The Mills Novelty Company
Non-Violin Playing Automatic Musical Machines

The Mills Magnetic Expression Piano.

(Photograph courtesy of Terry Smythe)

The Mills Magnetic Expression Piano, a 65-note electrically operated coin piano. The Magnetic Expression Piano uses electrical components and a narrow music roll reminiscent of the more popular Violano-Virtuoso. Introduced in the early 1920s, only a dozen or so specimens exist today.

The Mills Race Horse Piano.

(Photograph courtesy of Terry Smythe)

The Mills Race Horse Piano is essentially a Mills Magnetic Expression Piano with a modified case. In place of the decorative art glass panels is a race horse attachment visible behind a single glass pane. Each time a nickel is dropped in the coin slot a new horse race begins. Thus, this "trade stimulator' supposedly brought in more money than did just a straight coin piano, purportedly because excited patrons would deposit several nickels for horse races during the playing of a single tune. Only a dozen or so of these Mills race horse coin pianos survive today.

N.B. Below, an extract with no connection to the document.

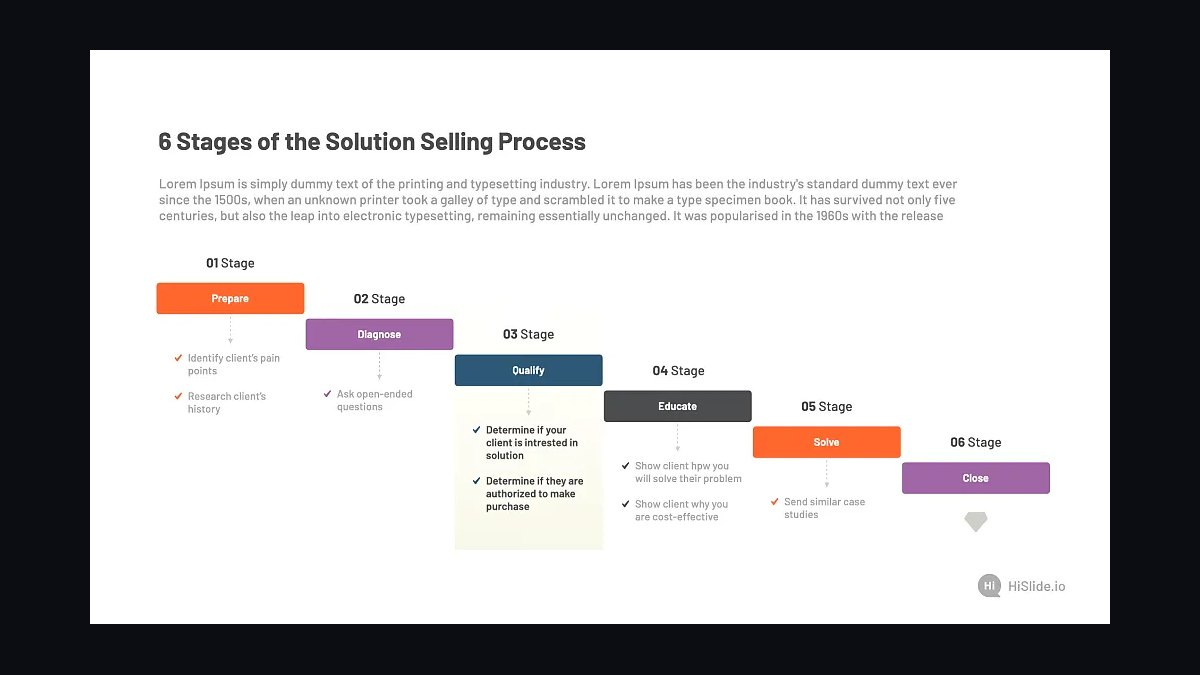 The New Solution Selling by Keith Eades — Top 10 Key Takeaways for Sales Leaders in 2027 — figure 8
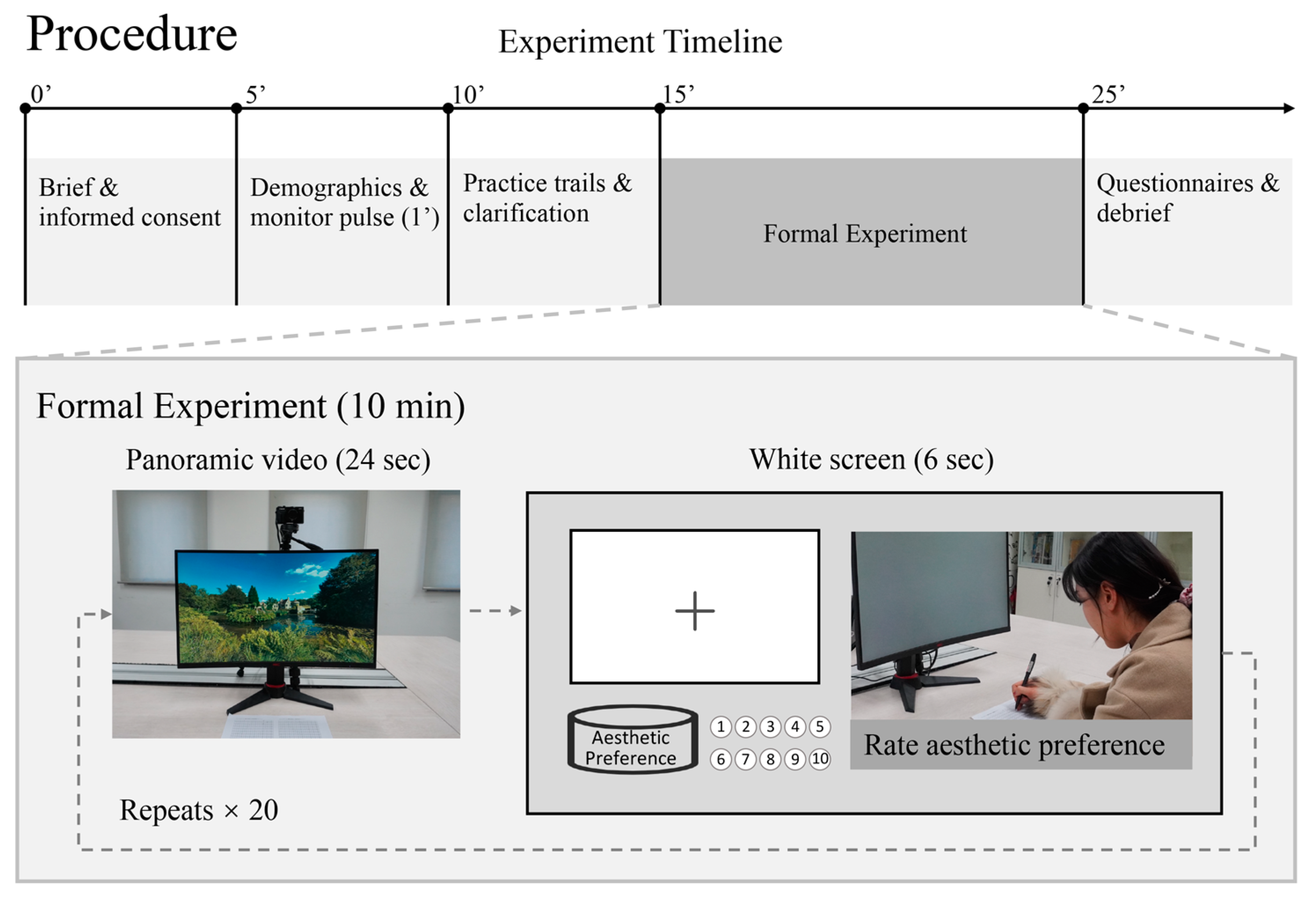 Sensors 25 00748 g002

The Mills Race Horse Piano with bottom cabinet doors open.

(Photograph courtesy of Q. David Bowers)

A Mills Race Horse Piano with the bottom cabinet doors open, showing the music roll feeder and the bottom shelf where a AC-DC converter was formerly mounted.

The Mills Piano Orchestra.

(Photograph courtesy of Q. David Bowers)

The Mills Piano Orchestra. It appears to be built around the Mills Magnetic Expression Piano using the same symmetrical piano. Accompanying the piano are (from left to right) cymbals, a snare drum (with both tap and reiterating beaters), a tom-tom, and a wood block. In the bottom, alongside the music roll feeder and AC-DC converter, is a bass drum. It is speculated that this model was introduced in the late 1920s, possibly in 1928, at or about the same time as the orchestra cabinet attachment for the Violano-Virtuoso. No examples of the Mills Piano Orchestra are known to exist.